With the advancing of the plot, one sees that Iago is only honest to himself because he seems to have the complete awareness of his treacherous self. After Roderigo, he arrives at Cassio and realises his use.
In a masterful style, he deceives him as someone who truly cares about him when actually he is the one who designed Cassio’s fall in public and suggested his failure to Othello.
Iago isn’t even true to his own wife Emilia who is truly devoted to him. He appears as someone who is sincere at work. He appears so well to her that she is unable to trace the evil in him before the final uncovering of his true self in the end.

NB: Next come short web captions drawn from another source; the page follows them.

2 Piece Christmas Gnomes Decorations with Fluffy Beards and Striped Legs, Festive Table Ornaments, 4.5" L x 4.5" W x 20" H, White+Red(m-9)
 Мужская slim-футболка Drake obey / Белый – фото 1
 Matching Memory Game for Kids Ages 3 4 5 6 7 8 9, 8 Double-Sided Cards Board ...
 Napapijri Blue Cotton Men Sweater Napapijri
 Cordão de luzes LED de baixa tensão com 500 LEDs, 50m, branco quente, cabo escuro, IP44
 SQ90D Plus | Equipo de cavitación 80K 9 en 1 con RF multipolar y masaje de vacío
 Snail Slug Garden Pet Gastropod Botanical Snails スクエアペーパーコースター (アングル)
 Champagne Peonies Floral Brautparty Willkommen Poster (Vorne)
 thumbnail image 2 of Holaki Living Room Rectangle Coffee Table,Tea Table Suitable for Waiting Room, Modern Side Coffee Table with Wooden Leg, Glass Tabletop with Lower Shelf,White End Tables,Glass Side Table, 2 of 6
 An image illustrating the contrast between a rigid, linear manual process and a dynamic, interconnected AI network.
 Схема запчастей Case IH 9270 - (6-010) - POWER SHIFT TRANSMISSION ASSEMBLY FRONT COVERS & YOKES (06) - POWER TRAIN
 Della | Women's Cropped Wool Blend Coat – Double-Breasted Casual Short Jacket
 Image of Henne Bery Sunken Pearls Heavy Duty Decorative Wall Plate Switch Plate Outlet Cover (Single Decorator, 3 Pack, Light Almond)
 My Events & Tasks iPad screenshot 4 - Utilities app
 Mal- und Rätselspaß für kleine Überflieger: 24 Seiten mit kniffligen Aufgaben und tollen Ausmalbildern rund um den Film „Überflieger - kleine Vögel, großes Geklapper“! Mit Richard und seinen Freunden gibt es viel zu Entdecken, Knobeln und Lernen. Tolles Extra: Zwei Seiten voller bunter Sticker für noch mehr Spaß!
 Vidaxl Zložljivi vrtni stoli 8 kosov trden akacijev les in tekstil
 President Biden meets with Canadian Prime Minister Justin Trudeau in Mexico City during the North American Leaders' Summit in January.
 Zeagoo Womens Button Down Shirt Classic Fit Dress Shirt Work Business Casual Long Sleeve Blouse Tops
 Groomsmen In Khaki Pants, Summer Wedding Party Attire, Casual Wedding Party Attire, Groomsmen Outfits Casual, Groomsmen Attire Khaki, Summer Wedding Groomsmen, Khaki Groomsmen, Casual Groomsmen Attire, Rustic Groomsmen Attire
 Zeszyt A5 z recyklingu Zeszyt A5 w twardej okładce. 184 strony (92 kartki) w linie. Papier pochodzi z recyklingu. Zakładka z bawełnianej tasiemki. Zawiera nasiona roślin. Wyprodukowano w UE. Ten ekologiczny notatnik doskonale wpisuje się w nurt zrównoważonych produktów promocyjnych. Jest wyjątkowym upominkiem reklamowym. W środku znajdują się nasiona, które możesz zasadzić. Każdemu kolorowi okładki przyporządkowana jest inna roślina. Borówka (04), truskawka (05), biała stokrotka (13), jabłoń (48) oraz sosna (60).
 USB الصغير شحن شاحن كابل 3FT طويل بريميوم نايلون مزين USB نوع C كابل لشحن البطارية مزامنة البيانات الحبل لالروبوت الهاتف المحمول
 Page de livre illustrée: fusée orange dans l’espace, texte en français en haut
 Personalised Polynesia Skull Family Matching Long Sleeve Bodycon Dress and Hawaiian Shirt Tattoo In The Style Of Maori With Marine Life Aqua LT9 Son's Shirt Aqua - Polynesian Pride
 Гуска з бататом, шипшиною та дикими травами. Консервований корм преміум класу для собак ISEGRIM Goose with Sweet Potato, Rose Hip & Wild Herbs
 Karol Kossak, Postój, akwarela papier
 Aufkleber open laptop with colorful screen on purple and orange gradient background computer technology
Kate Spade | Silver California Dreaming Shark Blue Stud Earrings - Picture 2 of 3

Only because of this cunning capacity to hide his reality, he is able to get the handkerchief of Desdemona from Emilia without making her doubt his motive,
Othello is of a noble nature who tends to believe that others are noble too. Iago knows this very well. He says, “The Moor is of a free and open nature that thinks men honest that but seem to be so, and will as tenderly be led by th’ nose as asses are.”
He exploits such knowledge of individuals. His superior acting allows him to remain objective with people who are so close to him and pursue his own course of actions.
While talking to Othello about Cassio, in a very ironic manner he says, “men should be what they seem, or those that be not, would they might seem none!”
It actually reminds us of Iago’s own deceptive self. The play advances into the tragedy due to this evil difference between appearance and reality.